If you struggle with self-loathing, you may confuse your feelings for facts. But just because you feel like a failure after not getting that promotion, that doesn’t mean you are. Just because no one laughed at your joke at a party, that doesn’t mean nobody likes you. The more you believe that voice in your head that tells you that you’re not attractive, intelligent, or worthy enough, the more power it will have over you. To overcome this self-hatred, you need to understand the cause of negative thoughts, practise self-compassion, and challenge negative thoughts with positive self-talk.
Self-loathing becomes problematic when you cannot separate negative thoughts from reality. However, those destructive, bad opinions you have about yourself aren’t real – more often than not, they are the outcome of bad life experiences, such as:
Childhood trauma: growing up with abusive, neglecting, controlling, or overly critical parents.
Bad relationships: these can be romantic relationships, but also relationships with friends and co-workers/bosses that made you feel inferior.
Bullying at school, work, or in your circle of friends
Traumatic life events
It’s very important to understand the difference between your conscience and self-loathing. For example, your conscience might make you look back on a conversation with a friend where you were maybe rude, reflect on it, and make you want to apologise. However, your destructive inner critic might tell you something like, “You’re always so mean and aggressive, no wonder everyone hates you!”
The first step in overcoming your self-hatred is to understand where the problem comes from and what triggers you. Journaling can help with this. By documenting your thoughts and how they occurred (i.e., what you were doing when you started negative thoughts, who you were with, etc.), you can determine the root of self-loathing and then start avoiding some of the triggers.
An aggressive inner critic is very much like a bully and, by talking back to that bully, self-deprecating thoughts will gradually lose their power over you. When you experience a negative thought about yourself, whether it’s about the way you look or how well you’re doing at work, challenge it by thinking of several reasons why it’s not true. It may not be easy at first – especially if you’ve been struggling with self-loathing for years – which is why it can help to challenge those negative thoughts as someone else, such as an authoritative figure or a superhero. The positive side may not always win, but that’s alright. With time, simply challenging those self-loathing thoughts can help you see them for what they are, just subjective thoughts, not reality.
Self-loathing takes over when you have no room for self-compassion. More often than not, people who hate themselves only focus on the negatives or the things they’re not doing right, neglecting all their qualities and achievements. When you have self-loathing thoughts, try to reframe them and think of several things you like about yourself or that you’re good at. An excellent trick is to talk to yourself as if you were talking to a friend. If your friend had a bad presentation at work, would you tell them that they’re a failure? Of course not. You’d tell them that they just had a bad day and that they’ll do better next time. Remember, you should not be your own worst enemy.

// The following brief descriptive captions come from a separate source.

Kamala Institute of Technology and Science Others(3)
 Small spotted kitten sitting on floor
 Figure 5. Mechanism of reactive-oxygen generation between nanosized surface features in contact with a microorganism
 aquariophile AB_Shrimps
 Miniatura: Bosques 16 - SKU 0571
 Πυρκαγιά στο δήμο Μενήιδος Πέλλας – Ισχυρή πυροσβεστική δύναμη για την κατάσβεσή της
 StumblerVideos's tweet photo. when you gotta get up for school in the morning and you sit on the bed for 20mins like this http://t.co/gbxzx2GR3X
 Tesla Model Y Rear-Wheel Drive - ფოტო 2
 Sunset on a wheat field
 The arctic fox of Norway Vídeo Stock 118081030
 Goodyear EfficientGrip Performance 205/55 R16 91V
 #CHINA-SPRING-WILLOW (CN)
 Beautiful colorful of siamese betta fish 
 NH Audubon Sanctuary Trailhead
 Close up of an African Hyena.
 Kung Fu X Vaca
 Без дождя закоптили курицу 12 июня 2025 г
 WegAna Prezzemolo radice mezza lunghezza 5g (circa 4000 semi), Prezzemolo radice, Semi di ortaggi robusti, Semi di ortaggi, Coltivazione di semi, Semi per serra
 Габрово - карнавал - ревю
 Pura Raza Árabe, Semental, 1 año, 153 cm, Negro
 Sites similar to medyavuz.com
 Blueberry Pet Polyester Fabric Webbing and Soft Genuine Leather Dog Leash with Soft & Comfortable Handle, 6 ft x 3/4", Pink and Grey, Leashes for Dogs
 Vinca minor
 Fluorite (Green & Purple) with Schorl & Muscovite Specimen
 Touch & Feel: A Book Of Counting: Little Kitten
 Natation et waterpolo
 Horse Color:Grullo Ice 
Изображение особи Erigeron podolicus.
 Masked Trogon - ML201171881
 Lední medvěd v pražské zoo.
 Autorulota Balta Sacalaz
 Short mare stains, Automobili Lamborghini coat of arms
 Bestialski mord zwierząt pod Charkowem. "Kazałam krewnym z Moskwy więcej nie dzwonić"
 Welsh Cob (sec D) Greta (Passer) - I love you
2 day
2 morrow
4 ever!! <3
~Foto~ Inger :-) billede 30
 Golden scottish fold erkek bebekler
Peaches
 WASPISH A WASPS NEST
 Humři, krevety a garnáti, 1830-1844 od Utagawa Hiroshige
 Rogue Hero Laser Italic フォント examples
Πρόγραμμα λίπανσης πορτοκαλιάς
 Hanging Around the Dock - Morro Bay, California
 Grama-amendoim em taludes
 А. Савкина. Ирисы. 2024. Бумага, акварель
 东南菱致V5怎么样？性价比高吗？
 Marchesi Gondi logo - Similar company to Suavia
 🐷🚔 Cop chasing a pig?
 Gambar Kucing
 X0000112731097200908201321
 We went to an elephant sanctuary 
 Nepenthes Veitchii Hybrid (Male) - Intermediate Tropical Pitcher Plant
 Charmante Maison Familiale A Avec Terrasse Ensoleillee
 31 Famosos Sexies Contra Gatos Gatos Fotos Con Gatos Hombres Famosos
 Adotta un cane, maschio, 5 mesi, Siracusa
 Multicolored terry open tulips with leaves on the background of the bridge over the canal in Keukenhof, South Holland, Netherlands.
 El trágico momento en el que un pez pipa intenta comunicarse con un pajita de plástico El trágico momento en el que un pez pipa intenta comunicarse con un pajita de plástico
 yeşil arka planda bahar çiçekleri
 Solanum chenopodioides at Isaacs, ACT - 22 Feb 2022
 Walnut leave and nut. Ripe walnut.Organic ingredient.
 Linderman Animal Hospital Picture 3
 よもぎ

Quite often, people who hate themselves tend to isolate themselves, assuming that they’re not good enough and that nobody likes them. This isolation can make self-loathing even worse, which is why it’s important to push yourself and try to spend more time with positive people who support you and care about you. At the same time, if you’re in a group of people where you feel bullied or criticised, you should try to reduce contact as much as possible and replace them with people that make you feel good.
Meditation might not seem like a good idea when you hate yourself but, contrary to popular belief, slowing down and becoming more mindful of your thoughts doesn’t mean letting more self-hatred in. On the contrary, by taking a break and becoming more mindful of your negative thoughts, you can understand what causes them and slowly learn to exercise control over them.
Overcoming self-loathing isn’t always easy, especially when it’s caused by years of emotional abuse or traumatic life events. When you can’t manage to practice self-compassion and let go of negative thoughts, a mental health professional can help you identify the source of the self-loathing and replace negative thoughts with positive affirmations. Going from ‘I hate myself’ to ‘I am good enough’ may not happen overnight. The process can take months, but by having someone to talk to, you can slowly learn to love yourself for who you are.